Manchester United zebrał z debiutu na giełdzie nowojorskiej mniej, niż oczekiwał, ale więcej niż jakakolwiek inna organizacja sportowa. Początek miał lepszy niż Facebook, choć gra toczyła się o dużo mniejsze pieniądze. Za 232 mln dol. sprzedał 10 proc. akcji, co znaczy, że jego wartość wyceniono na 2,3 mld dol.
Faza wstępna
Co tę wartość tworzy? Klub założony w 1878 r. przez kolejarzy to od lat jeden z najlepszych zespołów piłkarskich Anglii. Zakosztował już w czasie swojego żywota 14 lat na giełdzie, z mizernymi skutkami dla akcjonariuszy. Ponad pół wieku temu Manchester United dosięgła tragedia, która przysporzyła mu sympatii i spotęgowała zainteresowanie. 6 lutego 1958 r. w katastrofie British European Airways na lotnisku w Monachium zginęli niemal wszyscy piłkarze Manchesteru powracający z rozegranego w Belgradzie meczu z FK Crvena Zvezda Belgrad w Pucharze Europy (remis 3:3 dał im awans do półfinału). Jednym z nielicznych ocalałych był Bobby Charlton. 10 lat później zdobył z Manchesterem Puchar Mistrzów, strzelając w finale dwa gole Benfice Lizbona. Rozegrał w klubie 754 mecze, strzelił 247 bramek i w ciągu całej kariery nie dostał ani jednej żółtej kartki. Był w składzie Anglii na czterech finałach mistrzostw świata w piłce nożnej. Dostał od królowej tytuł szlachecki.

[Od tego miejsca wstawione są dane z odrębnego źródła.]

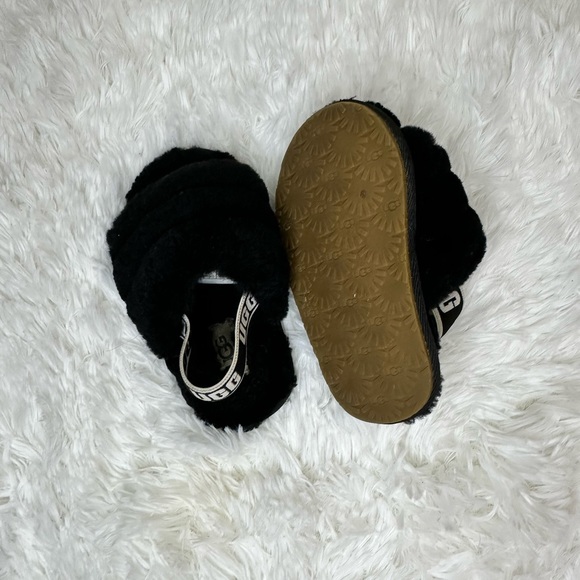 UGG - Picture 3 of 3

Kiedyś doczeka się go pewno inna wielka gwiazda Manchesteru, David Beckham, który zadebiutował w klubie jako 17-latek. Za jego czasów Manchester sześć razy wygrał Premier League, raz Ligę Mistrzów i dwukrotnie zdobył Puchar Federacji. Beckham, który dziś zbiera miliony głównie z reklam, grał pod batutą innej legendy światowego futbolu – Alexa Fergusona, któremu w 1999 r. królowa Elżbieta II nadała tytuł szlachecki za zdobycie potrójnej korony (Pucharu Anglii, Mistrzostwa Anglii oraz Pucharu Mistrzów).
W paszczy rekina giełdowego
Nie sposób się za to doszukać arystokratycznych korzeni u człowieka, który do niedawna był wyłącznym właścicielem Manchesteru i wprowadził go w sierpniu 2012 r. na giełdę nowojorską. Amerykański miliarder Malcolm Glazer, nr 442 w najnowszym rankingu najbogatszych magazynu „Forbes”, stopniowo skupował akcje Manchesteru, gdy ten kulał na giełdzie londyńskiej, i w 2005 r. przejął klub całkowicie na własność za około 1,45 mld dol. Firmy w tarapatach to jego specjalność.

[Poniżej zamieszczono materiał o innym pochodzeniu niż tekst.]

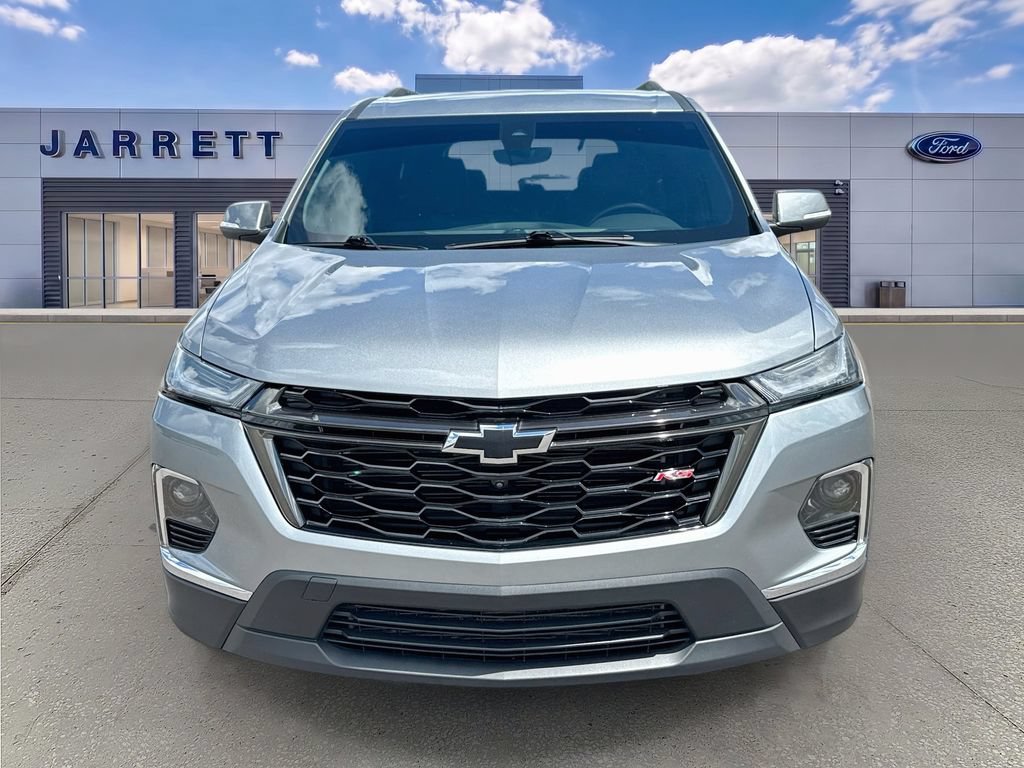 Used 2023 Chevrolet Traverse RS FWD image 2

Po nieudanych przymiarkach do Formiki i Harley-Davidsona Glazer kupił kołyszącą się na krawędzi bankructwa firmę naftową Zapata, założoną przez byłego prezydenta Busha (seniora). Dziś kieruje holdingiem, którego główne interesy to produkcja i dystrybucja żywności. Jest także właścicielem Tampa Bay Buccaneers, zawodowej drużyny futbolu amerykańskiego.

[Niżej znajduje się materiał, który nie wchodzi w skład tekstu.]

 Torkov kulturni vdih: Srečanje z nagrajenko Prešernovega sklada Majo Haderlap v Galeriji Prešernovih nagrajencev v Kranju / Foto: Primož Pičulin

Fanom Manchesteru od początku nie podobało się ani to, że klub przejmuje Amerykanin – i to o reputacji rekina giełdowego – ani to, że ceny biletów szły w górę. Mimo że do klubowej kasy płynęło coraz więcej pieniędzy z reklam telewizyjnych i od rozmaitych sponsorów. Dwa lata temu powstała nawet grupa, kierowana przez Jima O’Neilla, głównego ekonomistę Goldman Sachsa, gotowa odkupić Manchester od Glazera. Nie udało się. Później pojawiła się plotka, że do zakupu za 1,6 mld dol. szykuje się władca Kataru. Glazer kategorycznie wszystkiemu zaprzeczał, twierdząc, że Manchesteru nie sprzeda za żadne pieniądze. Wchodząc na giełdę dzieli się dziś z szerszą publicznością radością posiadania Manchesteru, ale zachował niekwestionowaną kontrolę nad klubem. Dokonał bowiem zabiegu podobnego do tego, jaki zastosował Zuckerberg z Facebookiem: akcje, które sprzedał, mają 10-krotnie mniej głosów niż te, które zachował.
Klub z Manchesteru chwali się wprawdzie, że ma 659 mln fanów, ale ważniejsze jest pytanie, jak wielu nowych jest w stanie pozyskać? Wejście na giełdę nowojorską i umowa o sponsoringu z Chevroletem, w połączeniu z Glazerem u steru, w oczach angielskich kibiców zwiększyło poczucie „amerykanizacji” klubu, a to się im nie podoba.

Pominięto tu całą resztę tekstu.